As I am doing this entry, my daughter Aqeelah is battling with anxiety as she approaches the school’s compound to get her SPM result. She and many like her all across Malaysia will see their fate today; whether they can proceed to a higher level education or not. For us in Malaysia , SPM is everything; it represents the future of our kids. If one fails to get good results in SPM a girl might as well find a man and get pregnant; and for boys would never go out to ask her girl for marriage until he gets a job in a nearby factory. I mean the certificate really dictates the way you will lead your life. So that’s why most of us have become so exam-oriented and certificate-madness-social-structured society. Everything must be certified and approved. We hang all sort of certificates on the wall to prove that we are real and truthful as claimed. Even children in the kindergarten will get certificates for whatever they have finished doing—reading, writing, running etc. I don’t know where this entry is going but I am quite fed up with people trying to do something and get a cert to prove it all. Can’t we just make do with whatever we can produce, the skills that we have with the best of our ability. There is no need for extensive certificates to prove everything. But sadly that is how the things are in the world we are living in; and have been like that for hundred of years since the British opened up the first school in Malaysia. Those who were “successful”—pass the stupid exam—would lead a good life with a good job and big house. My late father, for example, he did not proceed through the British school…(or known as The White Man’s school)..so life was quite difficult for him. But during that time it was more due to the poverty rather than a choice. He moved to town(Pasir Mas from Kg Tendong Sungai), got a job and married Mum.
My grandmother Mak Jah and I, seen here after her return from Mecca. She was a rich lady back then; owned several houses and plots of land. I never knew my grandfather. Grandma lived a long and illustrious life as a rich widow; she died a few years ago at my house hopelessly poor and lonely.
Without proper certificate, what else could he live on other than an odd job like a coolie at a train station. That was the train station in Pasir Mas, Kelantan He would lift anything that came by the train and put them into the godown(gudang) or on a waiting lorry. A job definitely for the poor unsuccessful lads. He would come home with a few ringgit and some food for the twelve of us . Everyday for the rest of his working life. He passed away some years ago. May he rest in peace.
I guess he learnt the lesson well and told us to go to school and study hard. I have nothing for you all, he once said during the meal, so better do well in school if you do not want to end up like me. At that time I did not understand; I felt it’s nothing wrong with what father had been doing. I could eat, grow up and play like everyone else. Maybe a TV or radio would be better as we did not have them to watch my favorites like Giant Robot or Ultraman. Father worked hard as I remember him and we never complained being bored at home or anything like that. We had each other to play , fight and kick-ass with; the twelve of us, yes twelve, and I still have them all today living and working some where in Malaysia. The only thing is that now I wish things could be different. But fate has it its way and I should be grateful for things have turned out to be alright after all.
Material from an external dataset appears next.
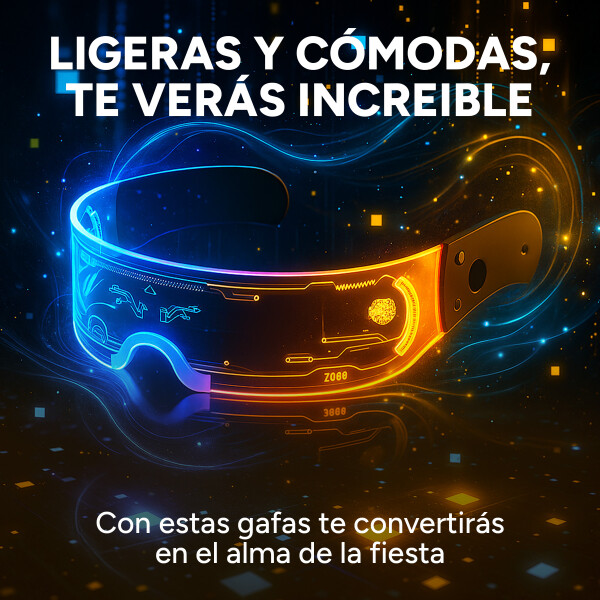 Gafas Lentes LED RGB Luces Colores Fiestas Cotillon Eventos Variante Transparente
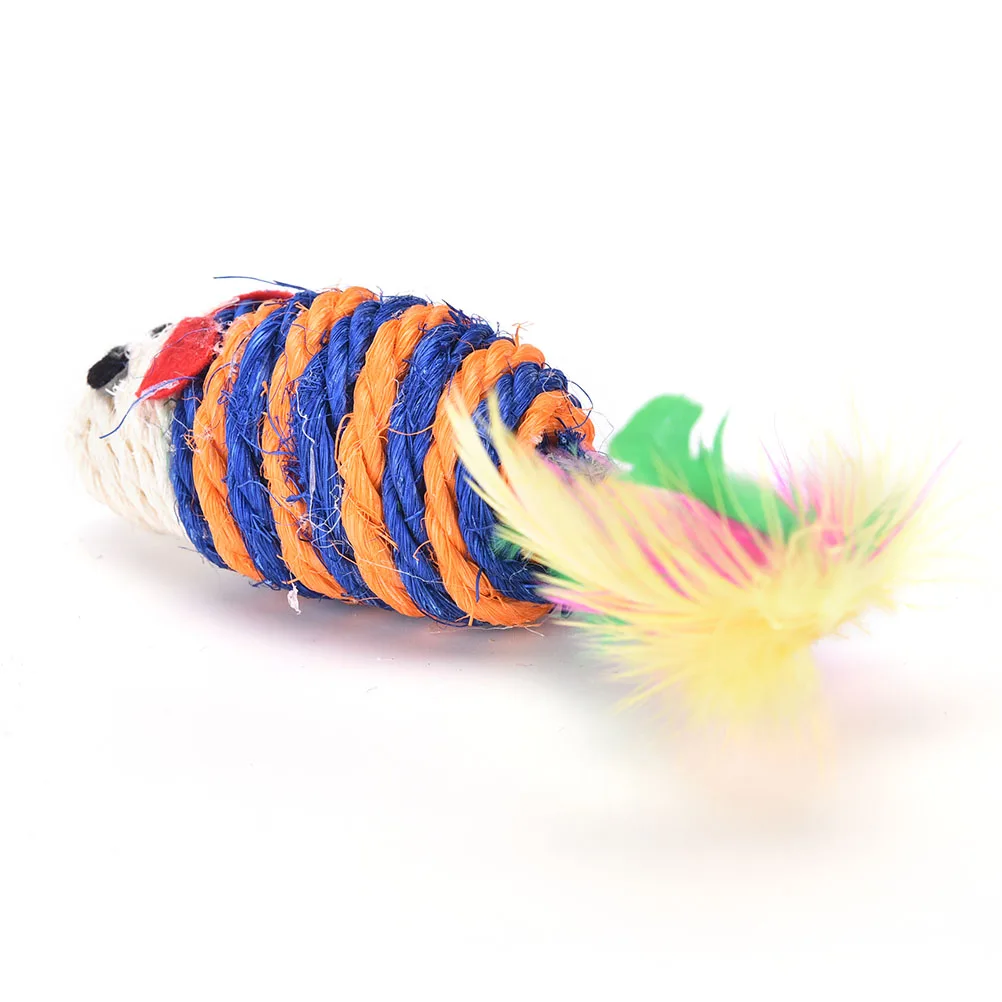 Pet Cat Kitten Feather mice Sisal Rope mouse Rattle Scratcher Toy Color Random | Дом и сад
Fortunately, my father took care of our study quite well. I remember him sitting by me, after a long day at work, making sure I was studying and doing my homework under the “pelita ayan” (that small oil lamp) way into the night. Four of us including myself were fortunate enough to be offered places at boarding schools. That was the point and time when I started to be “adopted” and living in hostels; I was eleven years old. After secondary school , they sent me to the United States and then later to the UK. Until today I still wonder what would happen to me if I were still at the kampung and running around trying to get something good out of me. I would probably end up doing the same odd jobs at the train station.
>>>Alhamdulillah, Aqeelah got 10As in her SPM. Excellent indeed.